Gedung Tidak Representatif, Karutan Harapkan Pemko Berikan Lahan untuk Relokasi
Oleh : Habibie Khasim
Rabu | 26-04-2017 | 17:14 WIB
Ka-Rutan-TPI-400x192.gif

Kepala Rutan Kelas I Tanjungpinang, Ronni Widiyatmoko (Foto: Habibie Khasim)

BATAMTODAY.COM, Tanjungpinang - Kondisi Rumah Rahanan (Rutan) kelas I Kota Tanjungpinang saat ini memang sangat memprihatinkan. Pasalnya, di dalam bangunan yang masuk dalam cagar budaya tersebut, 337 orang narapidana harus berhimpitan tidur diruangan yang berjumlah hanya 12 unit.

Oleh karena itu, Kepala Rutan Kelas I Tanjungpinang, Ronni Widiyatmoko mengatakan, pihaknya tengah melobi permintaan lahan kepada Pemerintah Kota Tanjungpinang untuk membangun Rutan yang baru. Dia berharap, pemerintah dapat mengerti dengan kondisi Rutan yang memang tidak representatif dan tentunya dapat menyediakan lahan.

Menurut Ronni, sudah ada lampu hijau dari Pemko Tanjungpinang. Pemko Tanjungpinang kata Ronni,  menjanjikan lahan 4 hektar guna membangun Rutan baru. Terkait pembicara yang formal, Ronni mengaku belum dilakukan. Hanya saja, pihaknya telah berbicara dengan Pemerintah Kota Tanjungpinang dan disambut baik oleh Pemko.

"Pemerintah Kota menyetujui, namun belum berbicara secara formal memang, tetapi sudah ada lampu hijau, kalau kita akan dapat lahan untuk relokasi Rutan," tutur Ronni saat ditemui di kantornya, Jalan Permasyarakatan, Tanjungpinang, Rabu (26/4/2017).

Terkait lahan yang akan disediakan tersebut, Ronni mengatakan terletak di wilayah Senggarang. Jika memang itu dikabulkan, maka pada tahun 2018 Rutan akan melakukan pembangunan Rutan baru, tentunya lebih representatif.

"Kita harapkan dapat deal tahun ini, jadi bisa kita lakukan pembangunan tahun depan. Setelah selesai, kita langsung melakukan relokasi," tutur Ronni.

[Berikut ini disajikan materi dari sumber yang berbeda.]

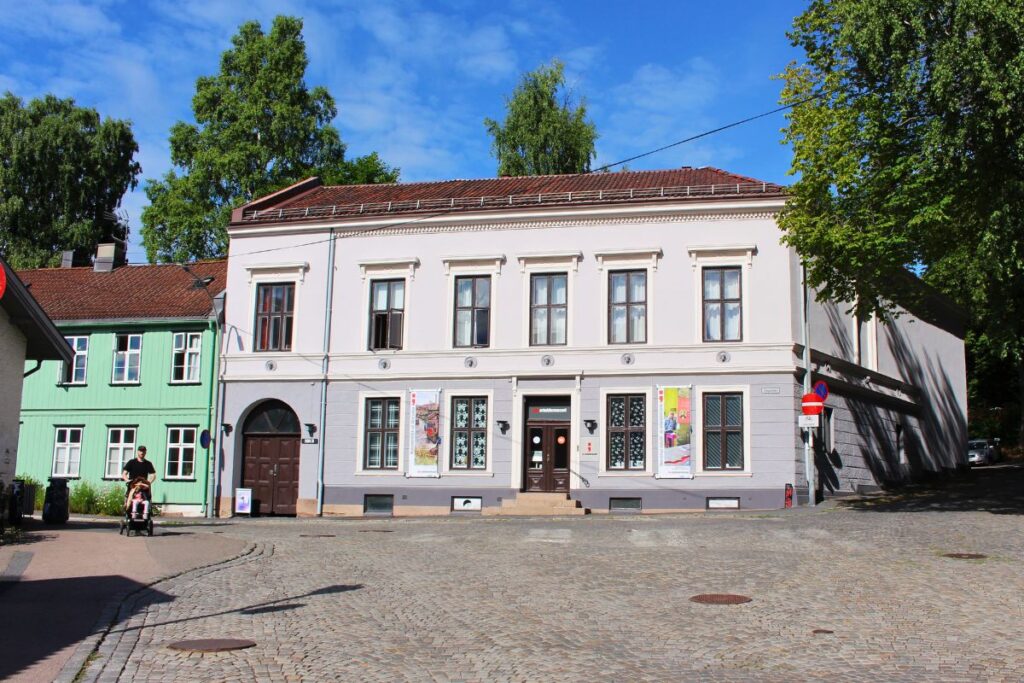Das graue Gebäude des Arbeidermuseet (Arbeitermuseum) in Oslo Sagene an einer Kopfsteinpflasterstraße neben einem historischen grünen Holzhaus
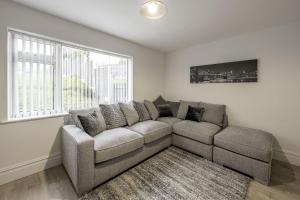 a living room with a couch and a large window at Ridge Grove Lodge "Sleeping 4 guests" 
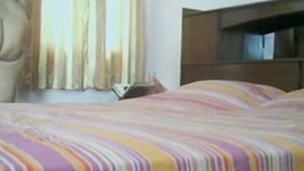 Hidden webcam in a hotel room captures BBW Indian aunty tempted for obscene sex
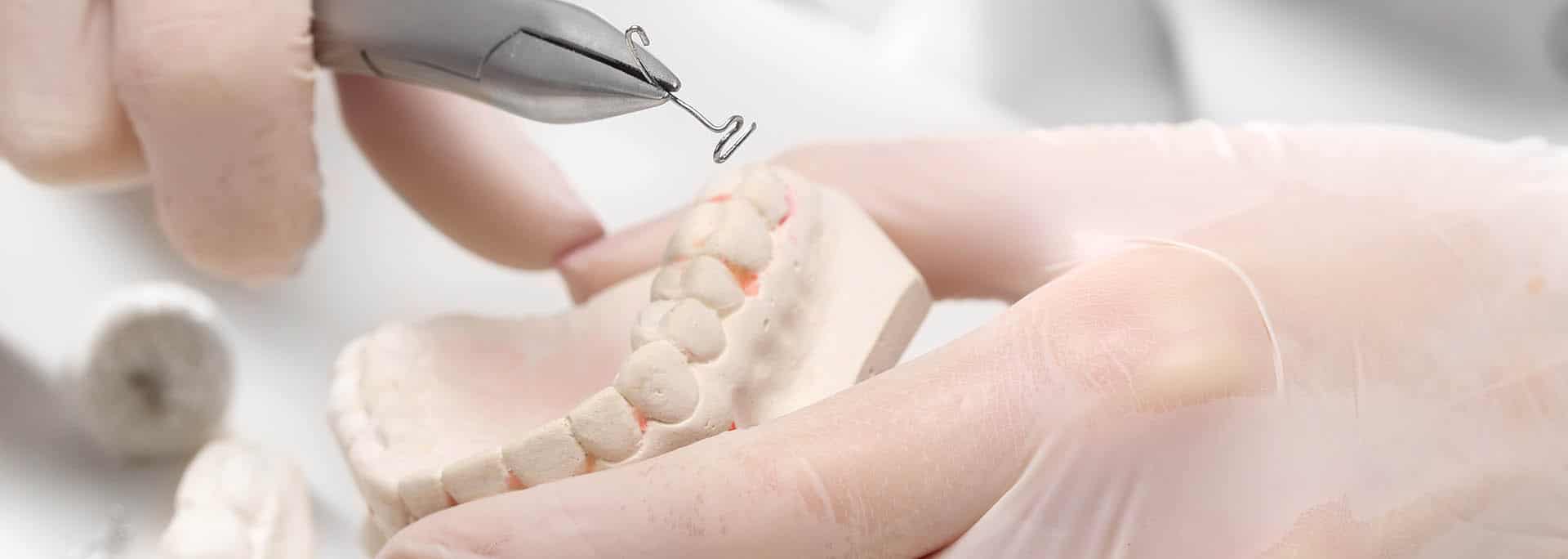 A denture tool being demonstrated on a model of teeth.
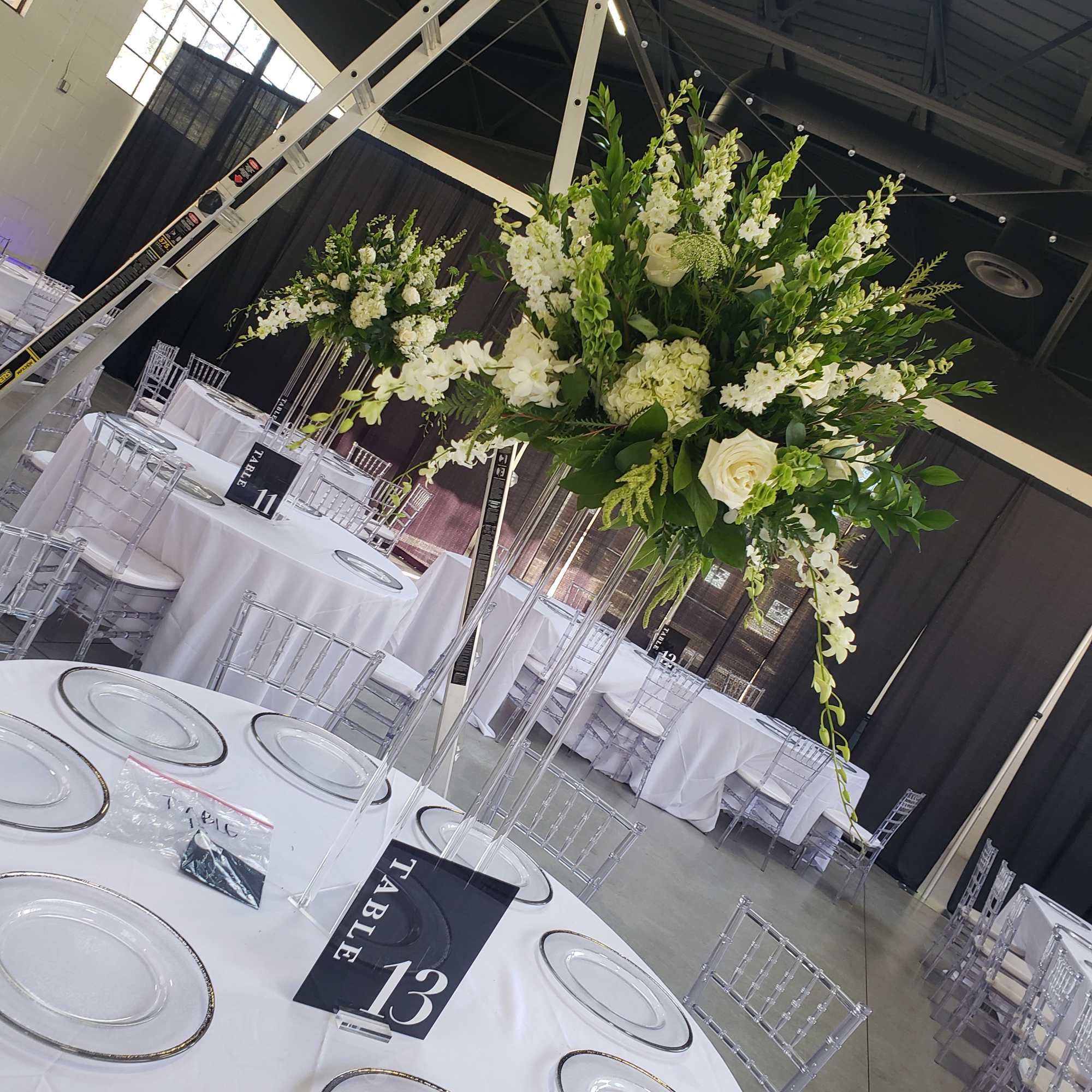 Tall white floral centerpiece on a clear stand at a banquet table
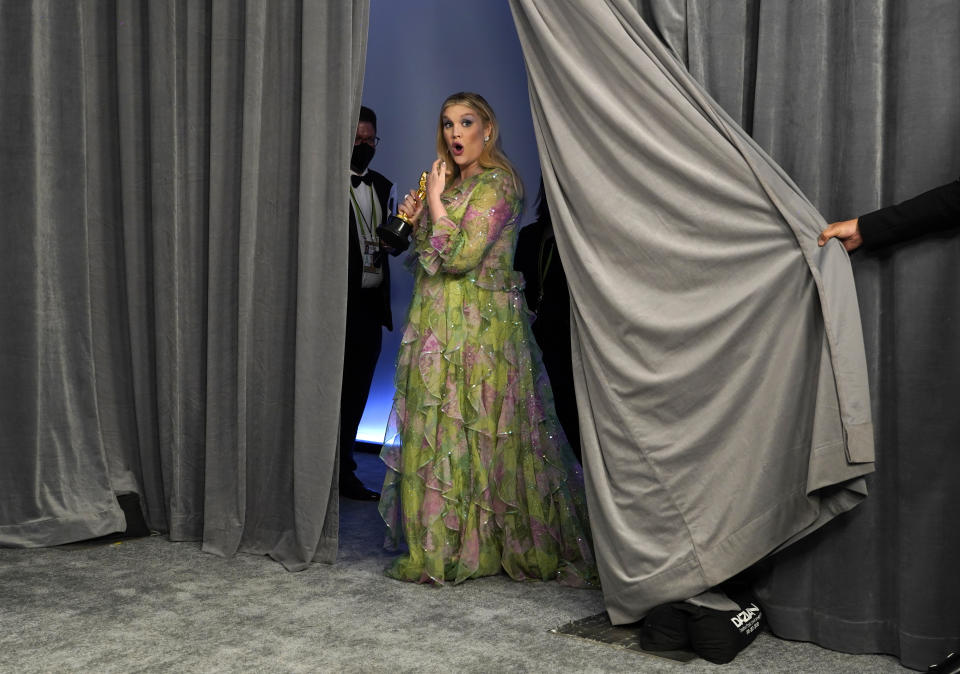 Emerald Fennell, winner of the award for best original screenplay for "Promising Young Woman," poses in the press room at the Oscars on Sunday, April 25, 2021, at Union Station in Los Angeles. (AP Photo/Chris Pizzello, Pool)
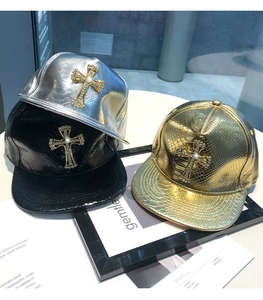 Detail of leather baseball caps with shiny snakeskin texture and rhinestone cross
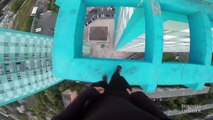 Watch Russian adrenaline junkies perform daring tricks atop a 40-story building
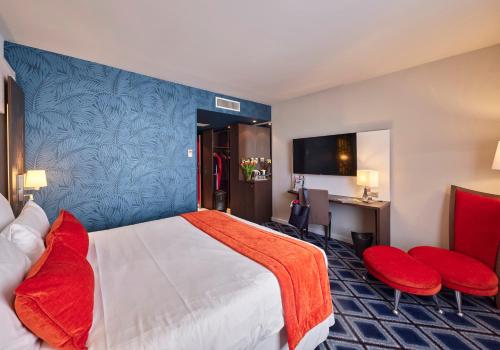 Ένα ή περισσότερα κρεβάτια σε δωμάτιο στο Mercure Chartres Centre Cathedrale
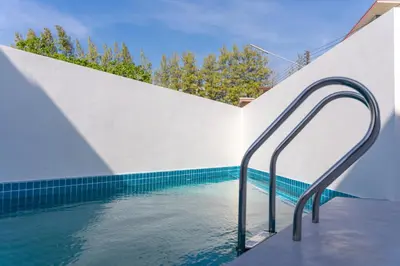 a swimming pool with a hand rail in the water at BangTao 5 Bedrooms 2026 New Modern Private Pool Villa Great Location Close to Bangtao Beach in Ban Thalat Choeng Thale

Saat ini penghuni Rutan ada sekitar 337 orang dengan jumlah kamar yang ada hanya 12. Menurut Ronni, idealnya jumlah kamar tersebut hanya cocok untuk 177 orang. Sementara, faktanya saat ini, dipaksa menampung 2 kali lipat dari ideal.

Menurut Ronni, hal ini juga disebabkan oleh bangunan yang masuk dalam cagar budaya. Sehingga proses pembangunan terhambat, lantaran tidak diperbolehkan merusak atau merubah bentuk aslinya.

"Makanya kalau dapat tanah ini, kita sangat senang, karena bisa membuat banyak kamar dan kita bisa menampung 500 orang," terang Ronni.